INSTRUCTIONS TO FOLLOW
Begin at the line containing "农村肉屁股粗大岳遭村民举报环境污染严重气味难闻影响生活" and restate it and each line after it exactly, up to and including the last line below. Leave pictures out.

Short descriptive text snippets:

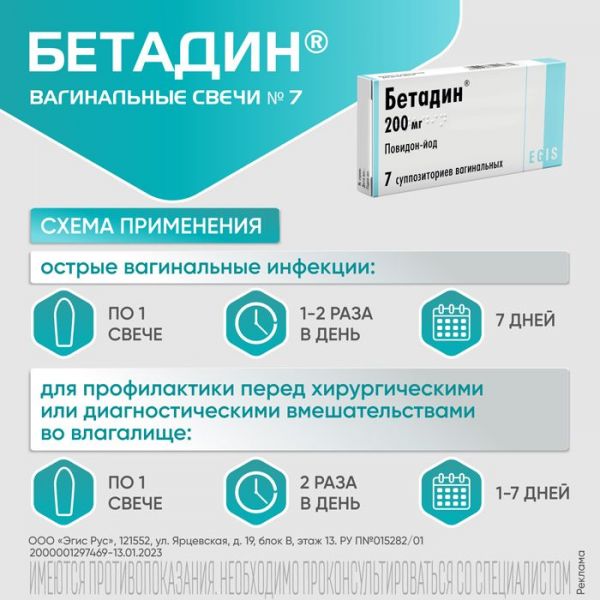 Бетадин 200мг супп.ваг. №7 (Egis pharmaceuticals plc)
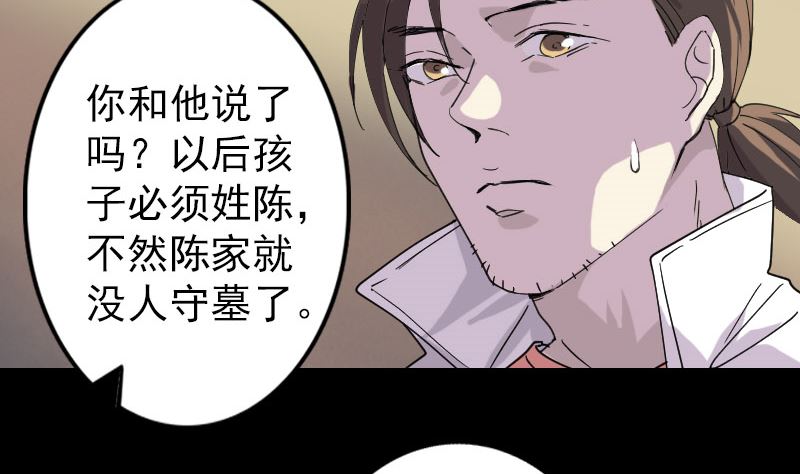 🍣天降横祸 第68话 鉴定宝石 第23页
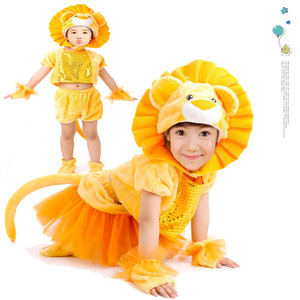 儿童太空小狮子演出服幼儿舞狮服小狮子舞蹈服呱呱呱练习曲表演服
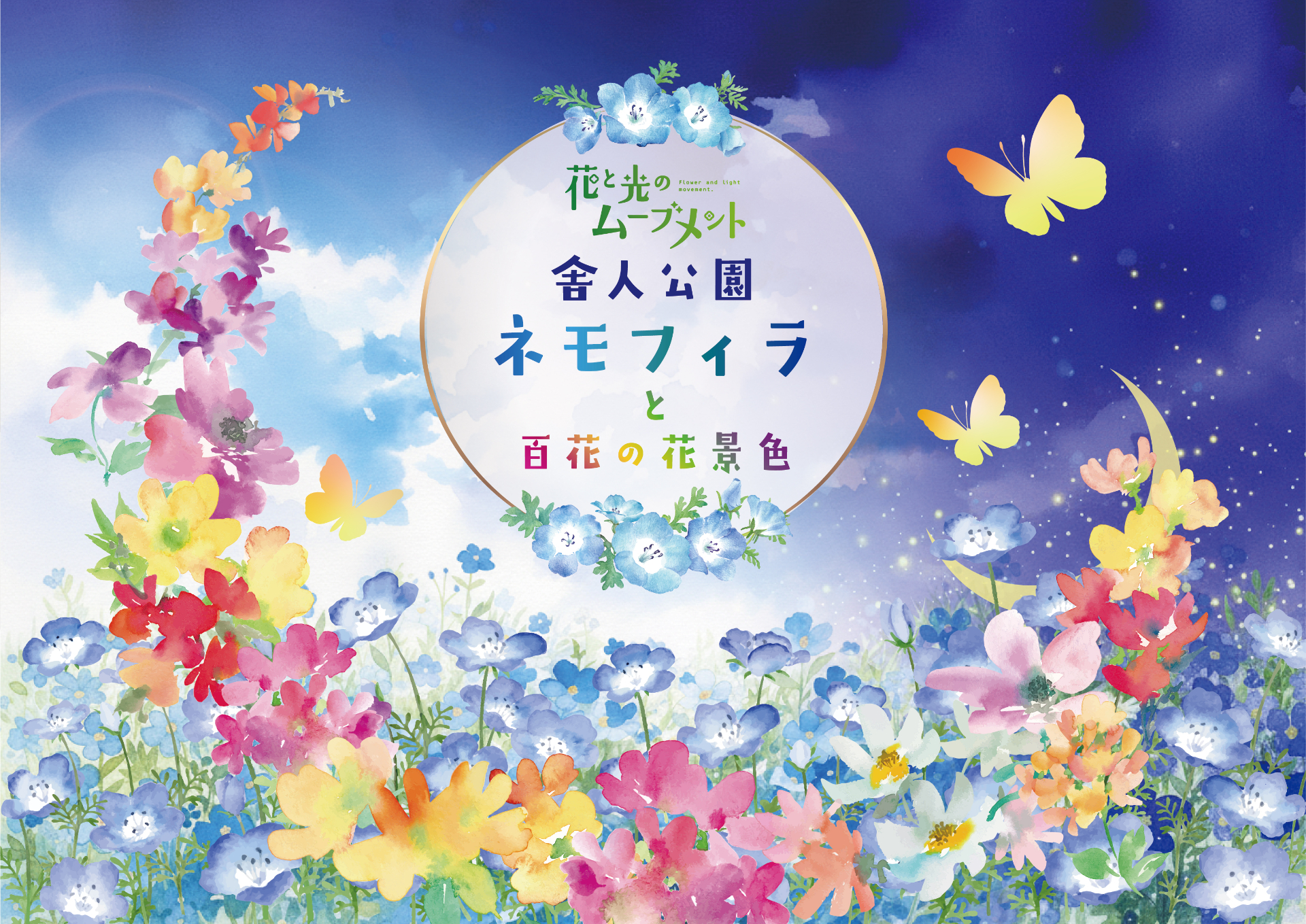 東京都主催「花と光のムーブメント」の一環。四季の花と光の演出で、公園の新しい楽しみ方を提案する。入場は無料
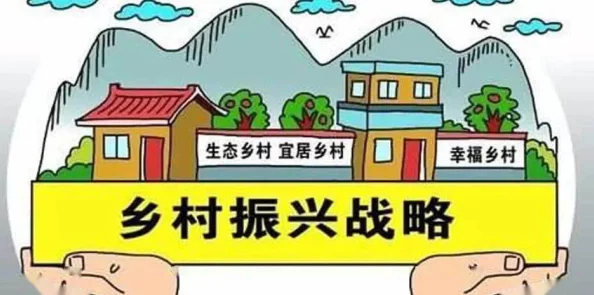农村肉屁股粗大岳遭村民举报环境污染严重气味难闻影响生活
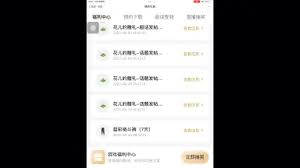 哔哩哔哩兑换码活动入口在哪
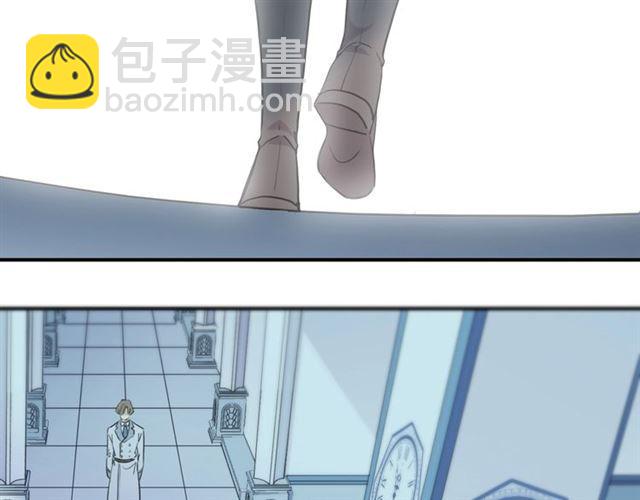 甜美的咬痕 - 守護篇 第36話 有你纔會好(3/3) - 7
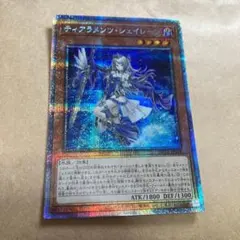 遊戯王　ティアラメンツ・シェイレーン プリズマ　プリシク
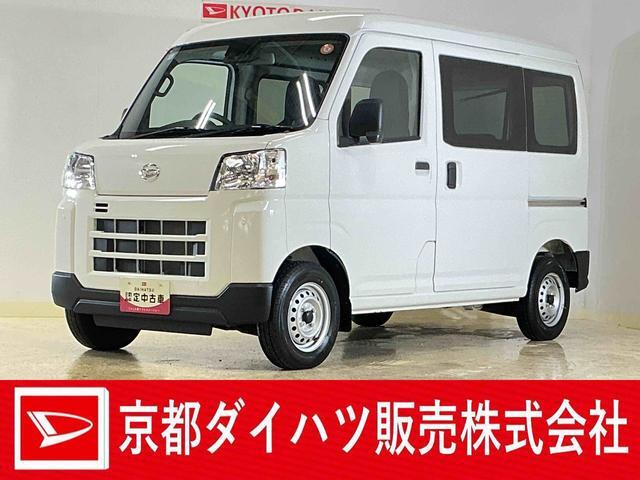 ハイゼットカーゴ  デラックス 4WD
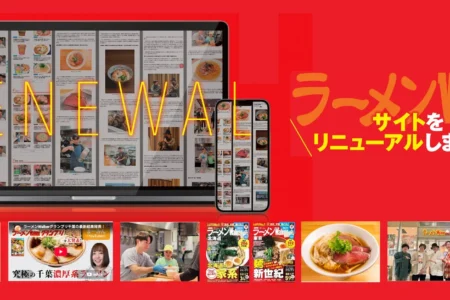「ラーメンWalker」公式Webサイトが8月17日にリニューアル、全国の名店から業界の最前線まで網羅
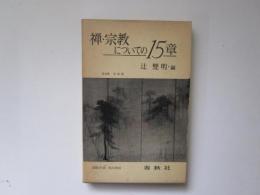 禅・宗教についての15章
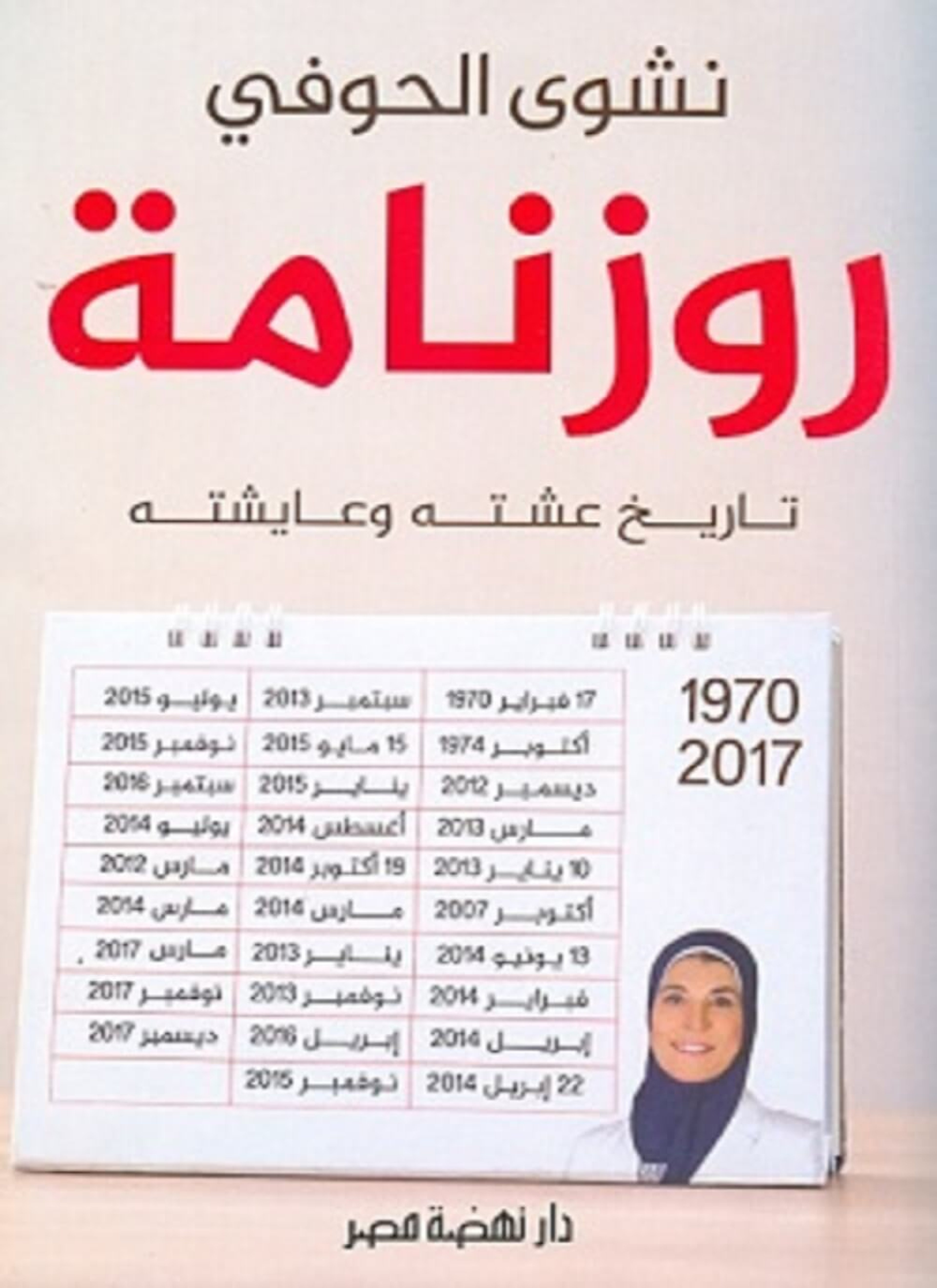 روزنامة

WRITTEN ANSWER
农村肉屁股粗大岳遭村民举报环境污染严重气味难闻影响生活
 哔哩哔哩兑换码活动入口在哪
 甜美的咬痕 - 守護篇 第36話 有你纔會好(3/3) - 7
 遊戯王　ティアラメンツ・シェイレーン プリズマ　プリシク
 ハイゼットカーゴ  デラックス 4WD
「ラーメンWalker」公式Webサイトが8月17日にリニューアル、全国の名店から業界の最前線まで網羅
 禅・宗教についての15章
 روزنامة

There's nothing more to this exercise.